The most affordable solar/battery inverters are Victron Energy using DC coupled solar controllers. Do you know how to use these?
Can you purchase BYD lithium batteries in the Philippines? These are modular batteries which work with the Victron inverters. Very safe and reliable with 10 year warranty.
If you cannot get Victron or BYD then you need to find ‘self managed’ lithium batteries. This means they have an internal BMS (battery management system) and do not need to be controlled by the inverter with a comms cable.
Axpert MKV inverters are ok but very cheap and you might have some problems with software. They will only work with self-managed 48V lithium battery in parallel.
Thks for your advice. I checked with BYD and they do not yet offer their HV Li B-Box battery in either Singapore or the Phils. Just to help me scope out the economic feasibility, how much would a BYD HV Li battery configured for 600AH capacity and 8KW output cost in Australia? A rough cost would be fine.
Also in researching the battery it raised questions about AC-coupled vs DC coupled designs. My impression from reading various websites is that an AC-coupled design is good for existing PV installation due to the flexibility and simple installation. However does AC-coupled design for a new PV system offer any advantages?

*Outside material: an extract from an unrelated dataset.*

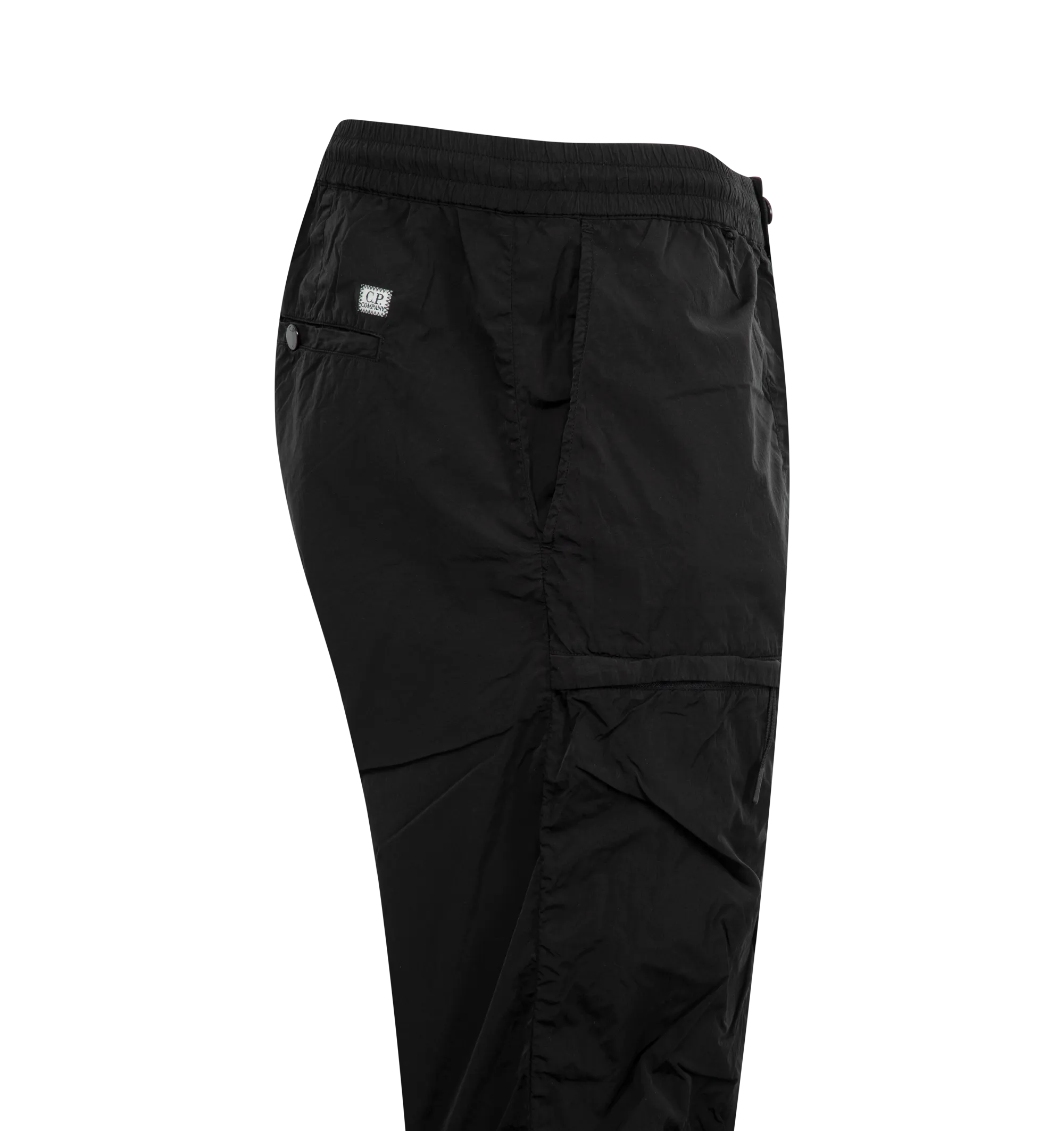 CHROME-R CARGO LENS PANTS (MENS)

Lastly, the DC-AC inverters used with HV Li batteries seem to top-out at 5KW, which means I would need to install 2 inverters on the same battery bank? Any design limitations or best practice guidelines for doing this?
Appreciate your guidance and advice.
Do not use the BYD HV batteries. Only the BYD LV (48V) batteries will work with the Victron inverter/chargers. The BYD B-Box are some of the lowest cost lithium LFP batteries available and are also modular so you can add more capacity if required.
I would recommend using a DC coupled system using the Victron Multiplus inverter together with the Victron MPPT solar charge controllers and BYD B-Box LV batteries.
Hope this helps,
Been doing more research on what’s available in the Philippines and there is a Victron distributor, with whom I’m currently getting a quotation. Unfortunately BYD 48V LFP batteries are not yet available, only Pylontech. Are you familiar with this brand?
Also wrestling with another design question, on which your expert opinion would be much appreciated.
I’m trying to design the system for maximum resilience, since solar components are not easily available, expensive to ship and take a long time to bring in.
My initial paper design is to feed an 8KW PV array into a 600AH 48V LFP battery bank and to run 2 separate 5KVA DC-AC inverters (output 230VAC) off of the same battery bank. Each inverter will be connected to a completely separate distribution panel. Each DP will feed separate household branch circuits.
My question is whether connecting 2 separate inverters to a single LFP battery bank is OK? Do I need to sync the inverters, even though they are connected to completely separate loads?.
Grateful for any expert advice.Thanks.
Pylontech batteries are a great choice actually. In my experience even better than BYD. Here is some info about the Pylontech batteries - https://www.victronenergy.com/live/battery_compatibility:pylontech_phantom
I don’t see any reason why two separate inverters running in parallel would be a problem, as long as you stated that each will be connected to separately isolated distribution boards. With Victron inverters you can also connect inverters in parallel no problem. Syncing inverters is only required when running split-phase or 3-phase loads.
You will need to use a common BVM to monitor the battery state of charge.